Monday, 15 June 2026

ROY HATTERSLEY (1932 - 2026): AN OBITUARY

Roy Hattersley, that indomitable pillar of the Labour Party who spent decades polishing his credentials as the thinking man’s Yorkshireman, finally shuffled off this mortal coil at the age of 93, proving that even the most durable political lard can eventually melt. Born in Sheffield in 1932 into the sort of solid Labour household that regarded socialism as both birthright and hobby, young Roy ascended the greasy pole with the unhurried certainty of a man who had already composed his own footnotes. 

As MP for Birmingham Sparkbrook for more than three decades, Shadow Cabinet stalwart, and Deputy Leader under Neil Kinnock from 1983 to 1992, Hattersley embodied the respectable face of the soft left—or was it the hard centre?

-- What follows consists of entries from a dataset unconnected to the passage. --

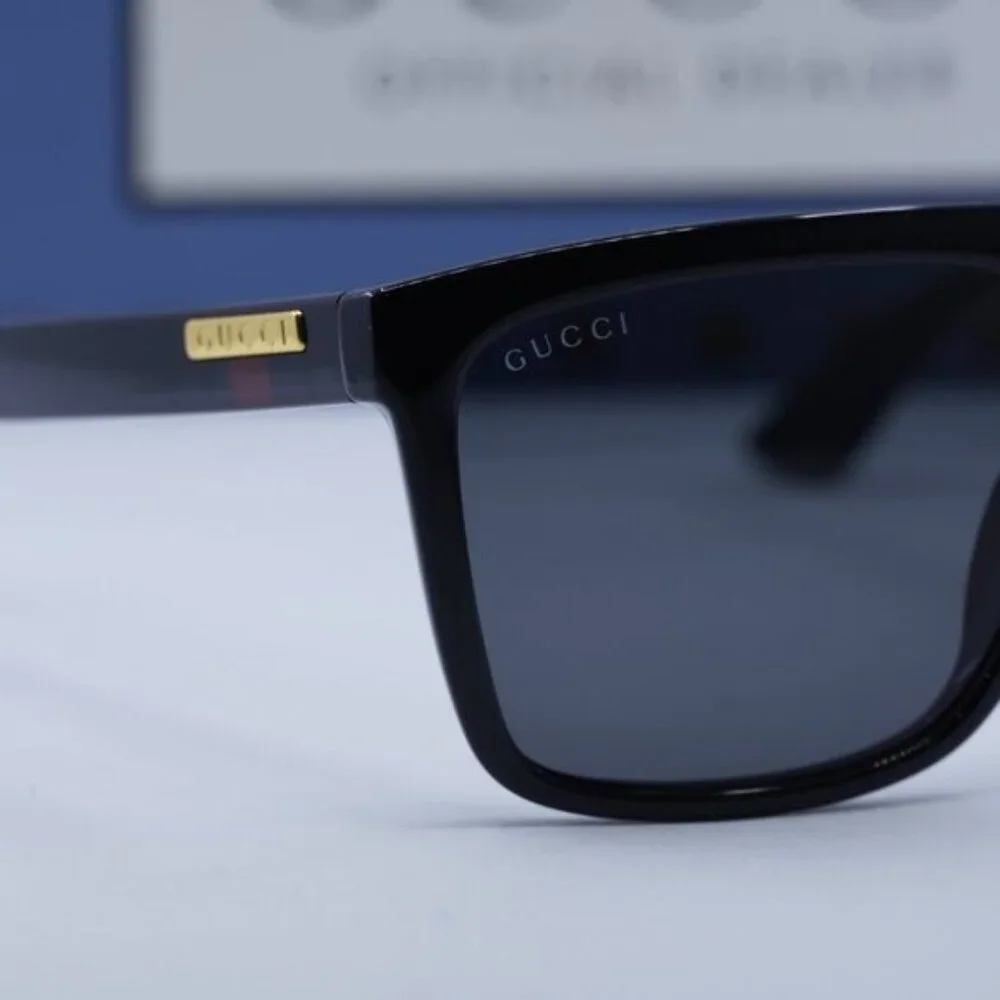 Gucci GG0748S 001 Square Sunglasses - Black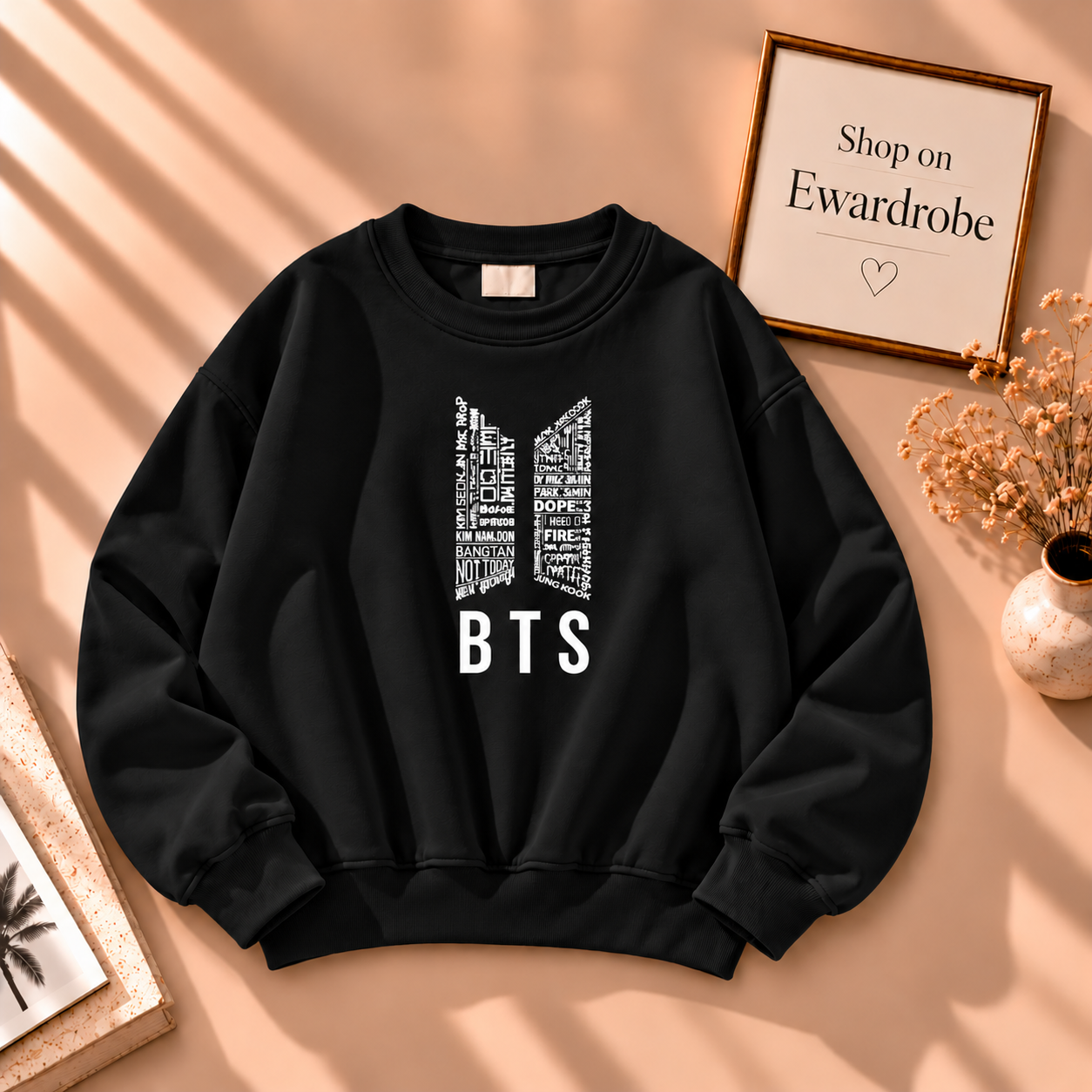 Detailed BTS Sweatshirt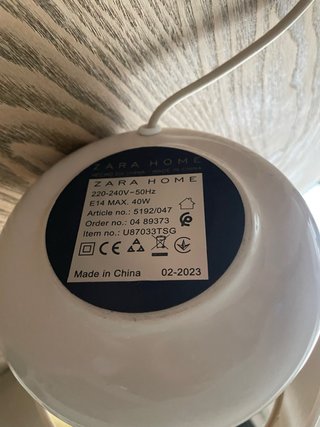 Lámpara de mesa Zara home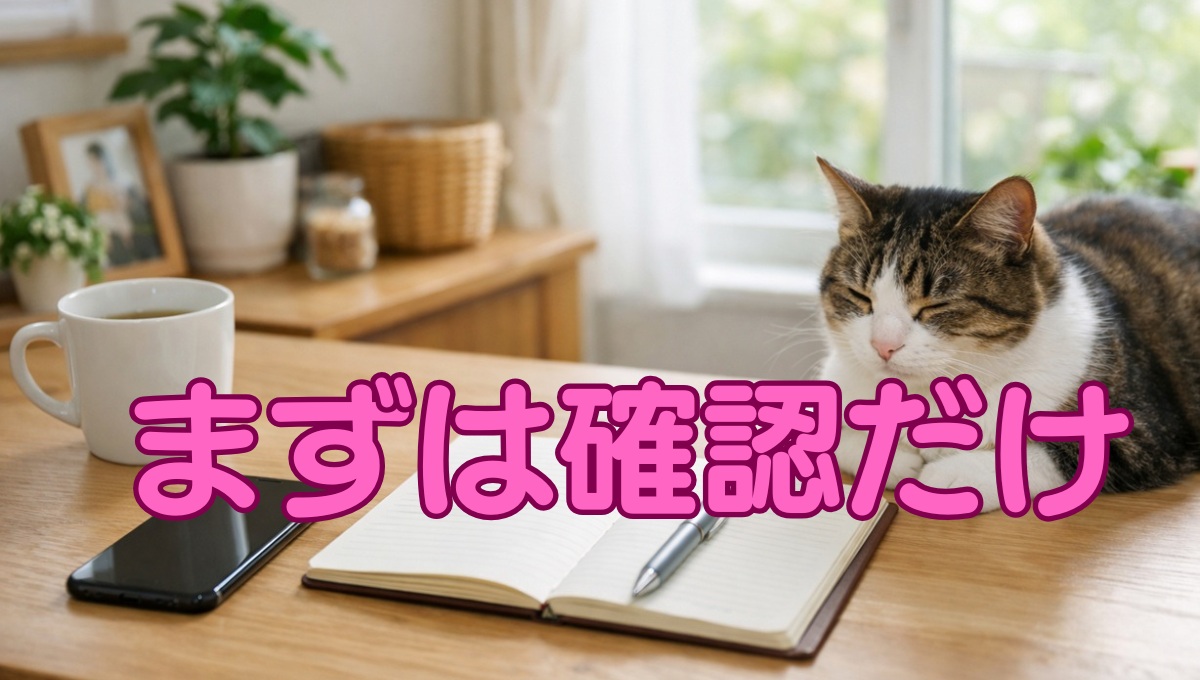 猫と暮らしながら新しい出会いに踏み出す準備のイメージ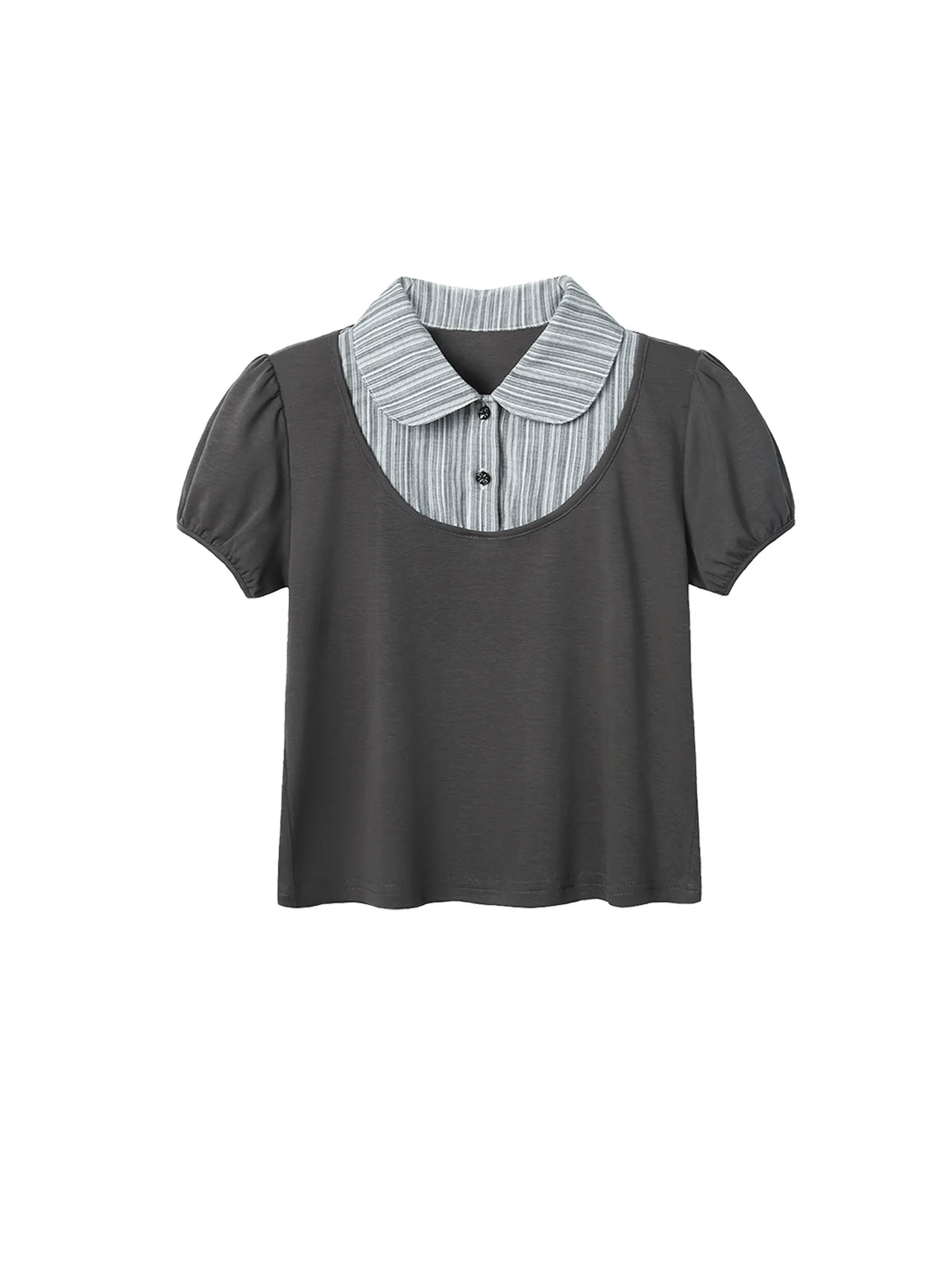 Two days off lab Striped 260g Breathable Cropped Tee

Even he seemed occasionally unsure. He railed against Militant with the righteous fury of a man who knew a good purge when he saw one, yet retained enough old-fashioned eloquence to make one wonder whether he secretly preferred the sound of his own voice to the prospect of electoral victory. In the great struggle to make Labour electable, he played the reliable second fiddle, sawing away gamely while the orchestra tuned up for Tony Blair’s more ambitious concerto. 

Television, that merciless leveller, granted him two immortal cameos. On Spitting Image, his puppet became a glorious fountain of expectoration, lisping and spraying with every sibilant in a performance so vivid that Hattersley himself graciously conceded it put the 'spit' into the programme. One almost felt the latex version had more expressive range. Then came the sublime Have I Got News for You moment in 1993 when, having cancelled for the third time, he was replaced by a tub of lard credited as The Rt Hon. Tubson of Lardon MP. It was, the producers noted with forensic deadpan, “liable to give much the same performance and imbued with many of the same qualities.” The lard, along with Paul Merton, won. Politics rarely produces so perfect an epitaph. 

Away from the Commons he churned out more than twenty books—biographies, histories, memoirs—like a one-man municipal library with opinions. A journalist, broadcaster, and Sheffield Wednesday loyalist to the end, he combined pomposity and self-deprecation in proportions that kept him just the right side of insufferable. In an age of slick soundbites, Hattersley remained defiantly prolix, a reminder that politics once rewarded men who could talk at length without quite saying very much. He is survived by his second wife and a legacy that, like the famous tub, sits there solidly: substantial, slightly ridiculous, and oddly impossible to ignore.